# Which Tortoise Species Is More Active/Friendly



## alben909

Hi guys, im Alec. I have brought this topic up because i want to hear the opinion of all the tort lovers out there. Which tort species is more friendly/active. I would have to say the sulcata or the russian tort. Tell me what you guys think. Even post a few pics. Dont be shy, post away!


----------



## MORTYtheTORTY

Any tort may surprise you. Sulcata seem to carry more attitude just hearing others about them...I'm a newbie to torts so I haven't spent much time with them! So far it seems that the Aldabra's are the most gentle/friendly creatures


----------



## nicoleandrocky

Almost all torts are active but it is true some are more than others. My russian is the most friendly guy ever. (except when he tries biting my fingers!)


----------



## alben909

Nice to hear about the aldabra. Havent been around one but i am glad to hear that you enjoy them!


----------



## nicoleandrocky

alben909 said:


> Nice to hear about the aldabra.

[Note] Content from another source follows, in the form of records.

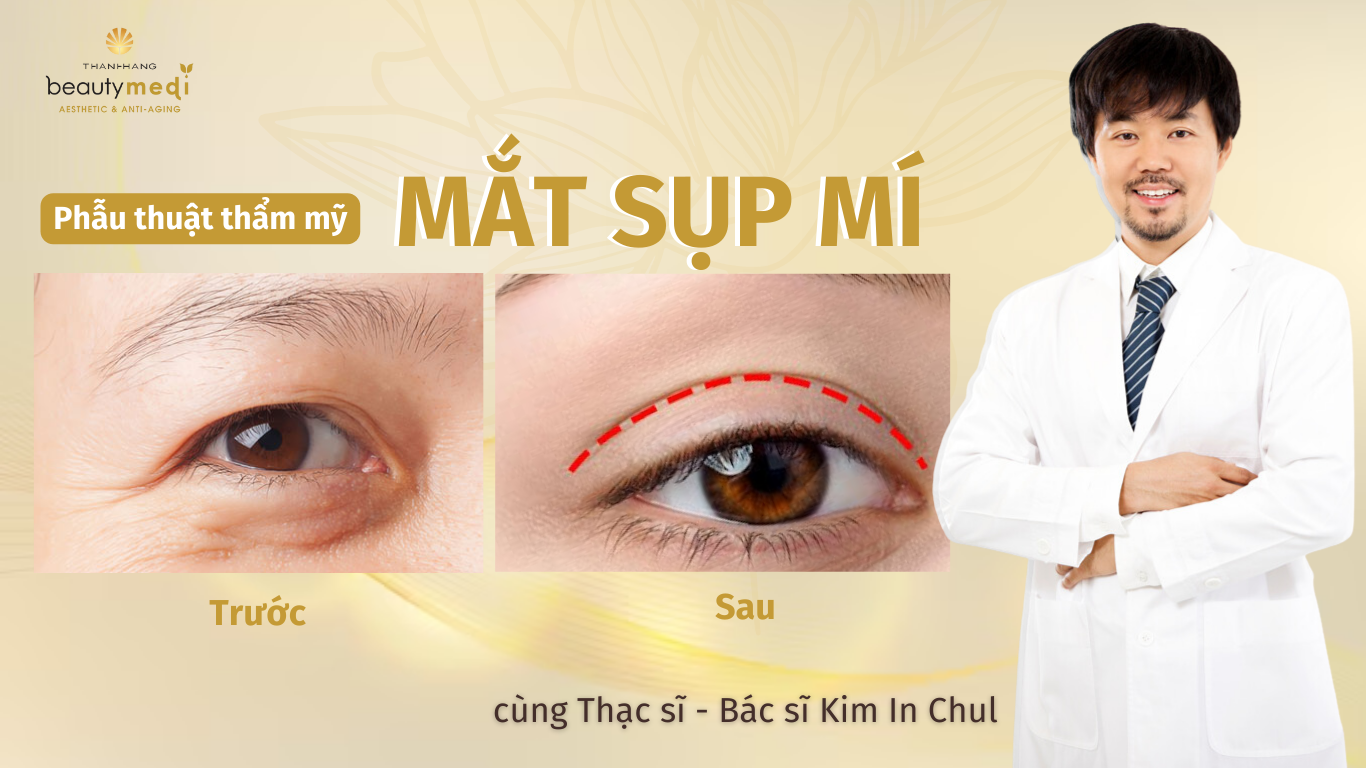 mắt sụp mí thumbnail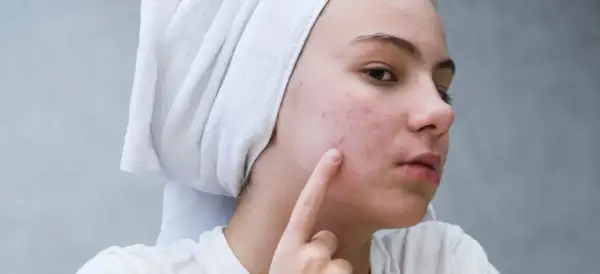 Dziewczyna z ręcznikiem na głowie wskazuje palcem na pryszcze na policzku.
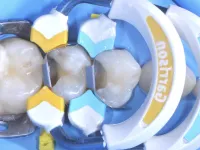 Strata-G Yellow and Blue Matrix Bands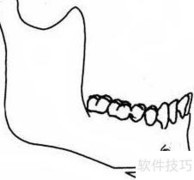 丰下巴的5种有效方法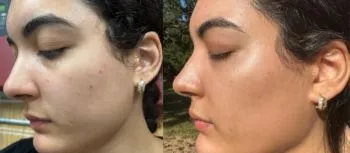 chemical peel before after thomas young md | Young Medical Spa | Central Valley PA, Lansdale PA, Forty Port PA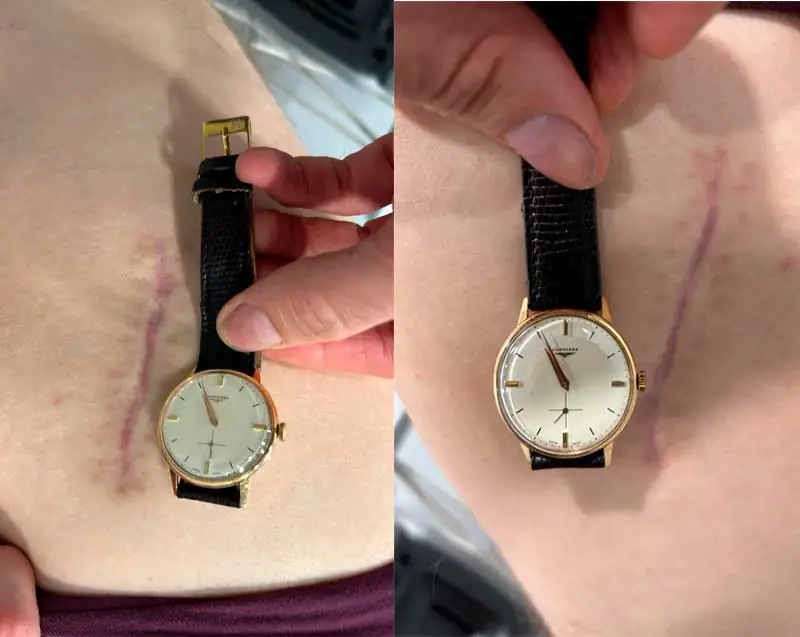 Cirugía mínimamente invasiva de prótesis de cadera y el reloj de mi abuelo el médico, siempre una firme referencia Cirugía mínimamente invasiva de prótesis de cadera y el reloj de mi abuelo el médico, siempre una firme referencia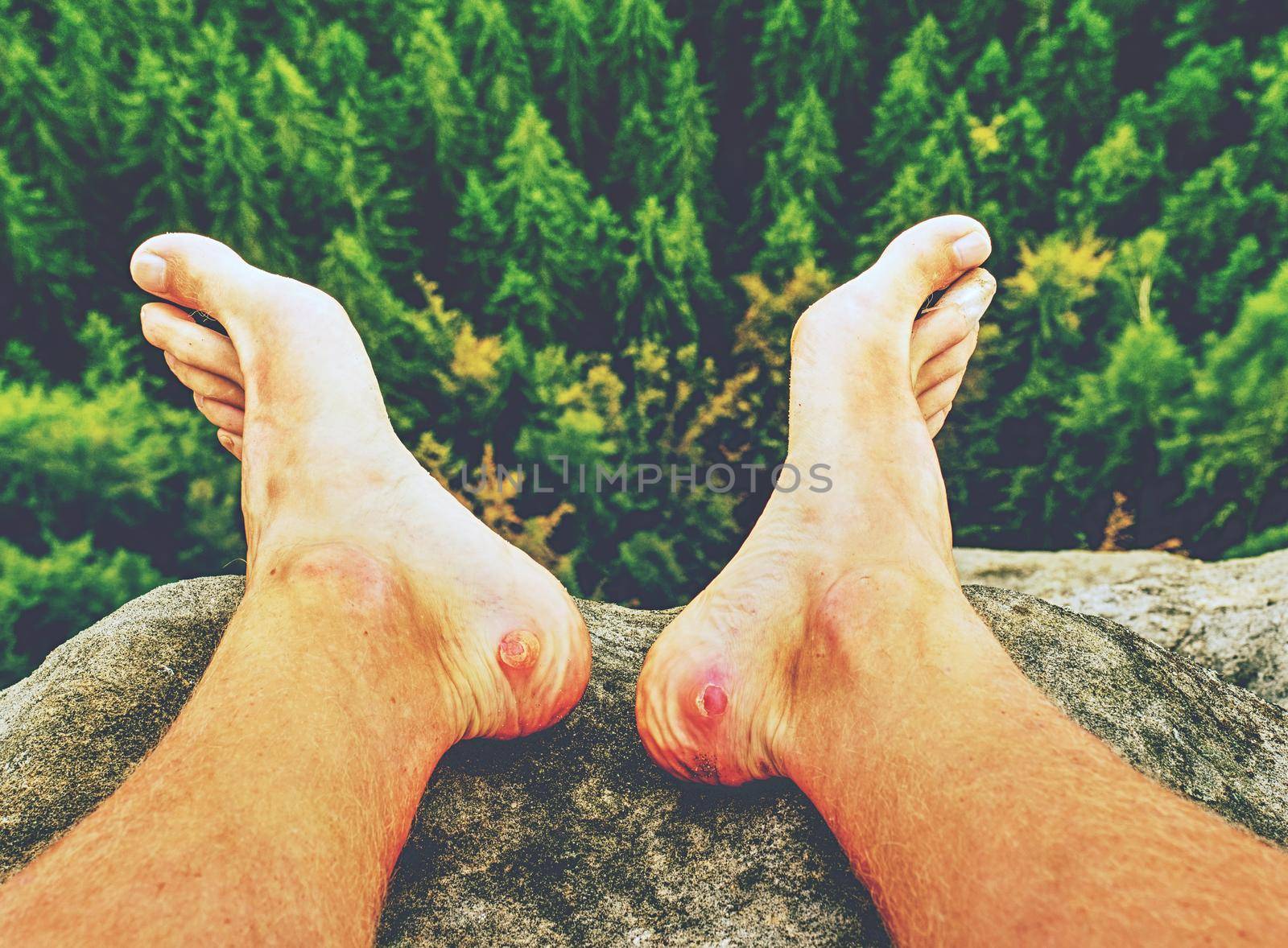 Couple hurt and tired legs resting on the top of the mountain by rdonar2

Havent been around one but i am glad to hear that you enjoy them!



Aldabra's (well most i know/seen) are gentle giants  Big teddy bears.


----------



## alben909

I have a baby russian and he is very active. He walks everywhere and he eats everything including my leg. I should of named him hannible but i named him Shelldon instead. Baby torts eat everything


----------



## StudentoftheReptile

My sulcata is active, but not very friendly. On the other hand, my redfoot is friendly, but not very active. LOL, that answer your question?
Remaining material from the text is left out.